Le bourreau d’Evreux raconté par une petite fille


En 1903, la Bibliothèque Universelle publiait, sous le titre « impressions d’enfance » (1) les souvenirs de jeunesse d’une modeste veuve, d’origine normande, rédigés quelques années avant son décès, en 1894. On sait d’ailleurs assez peu de choses de M.L. Tyssandier, l’auteur de ces mémoires. Sinon qu’elle était née dans l’Orne, en 1828, d’un père qui avait servi dans l’armée, sous Napoléon, et d’une mère qui avait tenu une petite mercerie avant d’être engagée comme infirmière à la prison d’Evreux.

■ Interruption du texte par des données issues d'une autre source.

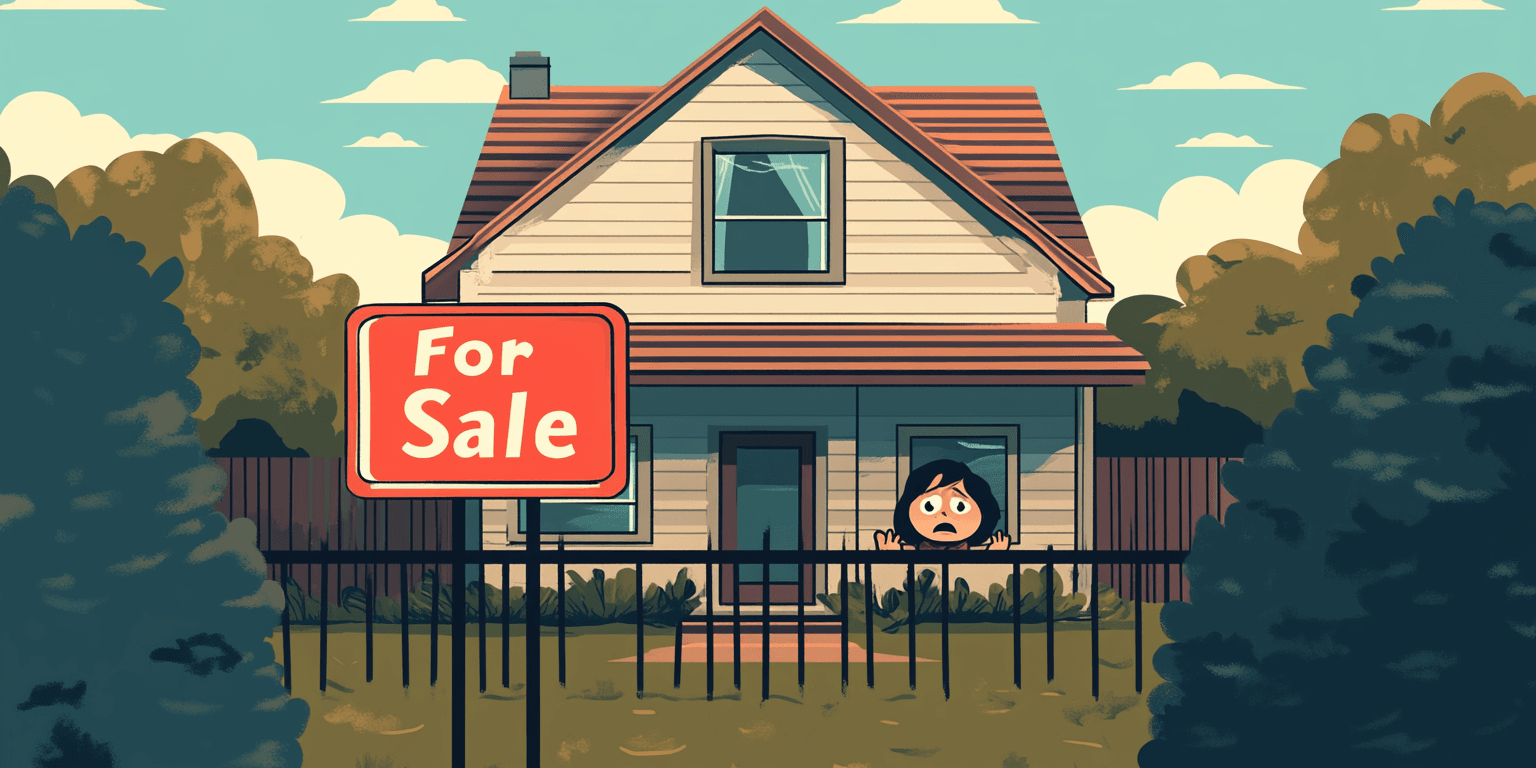 Forsale with Tenant - Denny Buys Houses Fast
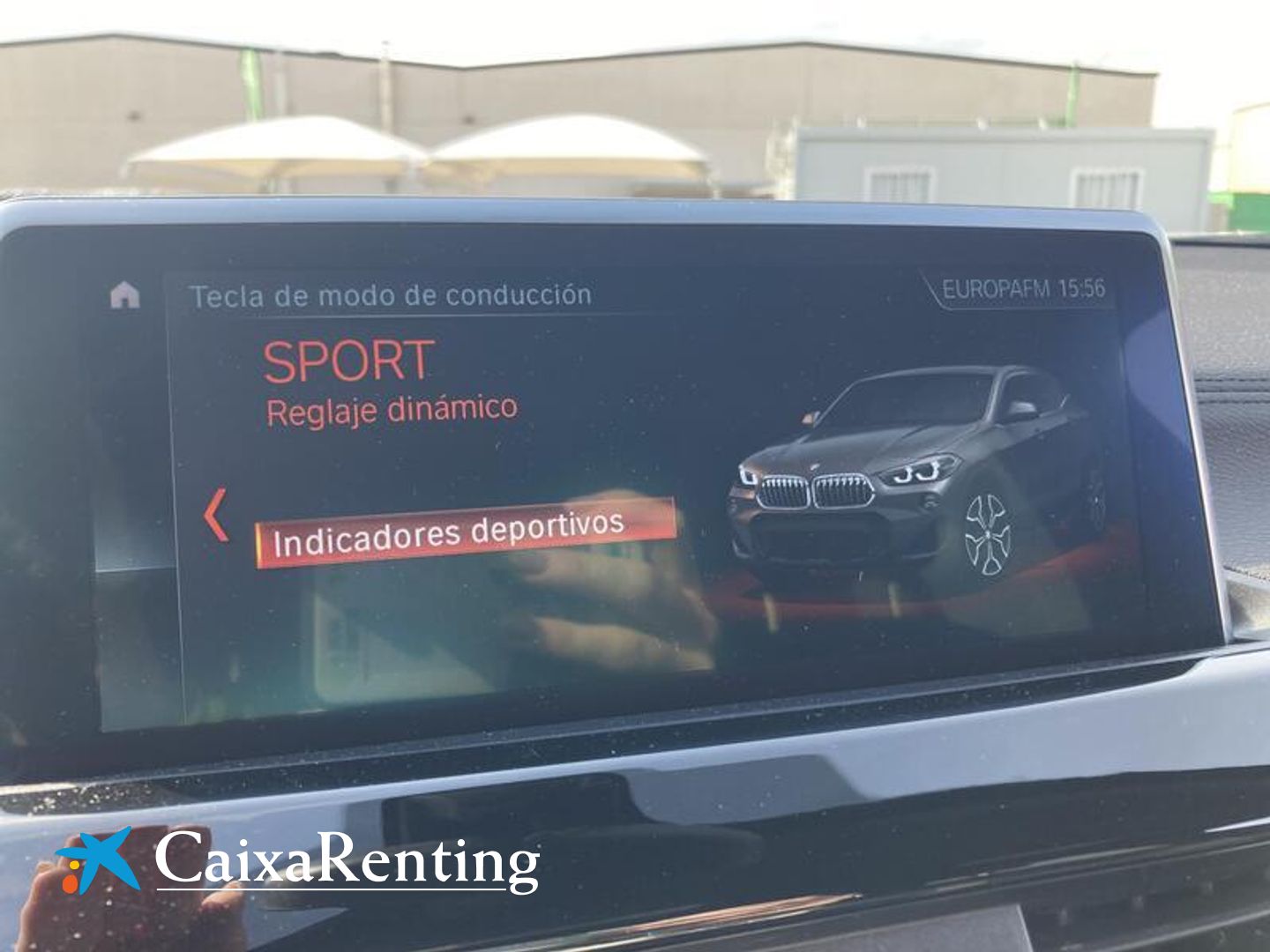 Bmw X2 sDrive18i -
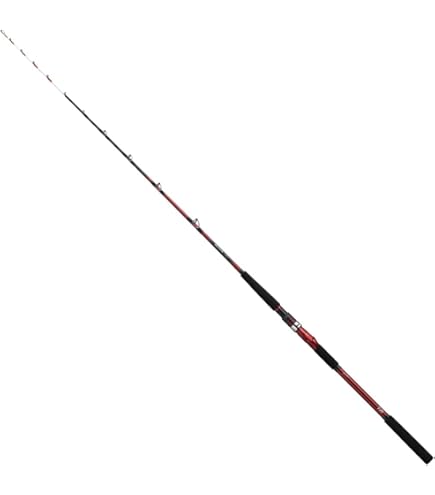 Amazon | ダイワ(DAIWA) 船竿 メタリア イカ直結 150 釣り竿 | ダイワ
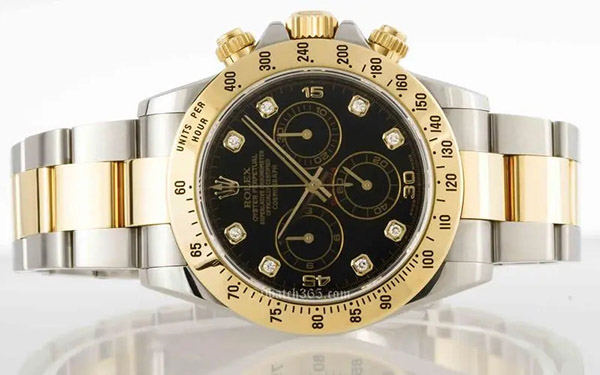 勞力士表帶過長處理技巧集錦（圖）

Pourtant tout est vrai dans ce récit, vivant et élégant, qui révèle un véritable talent pour l’écriture. Durant son enfance, madame Tyssandier à vécu plusieurs années dans la vieille maison d’arrêt d’Evreux où sa mère disposait d’un petit logement de fonctions. Observatoire unique, inattendu, pour une fillette curieuse et sensible, à l’âge de l’innocence, qui allait pourtant la mettre en présence de la guillotine et du bourreau.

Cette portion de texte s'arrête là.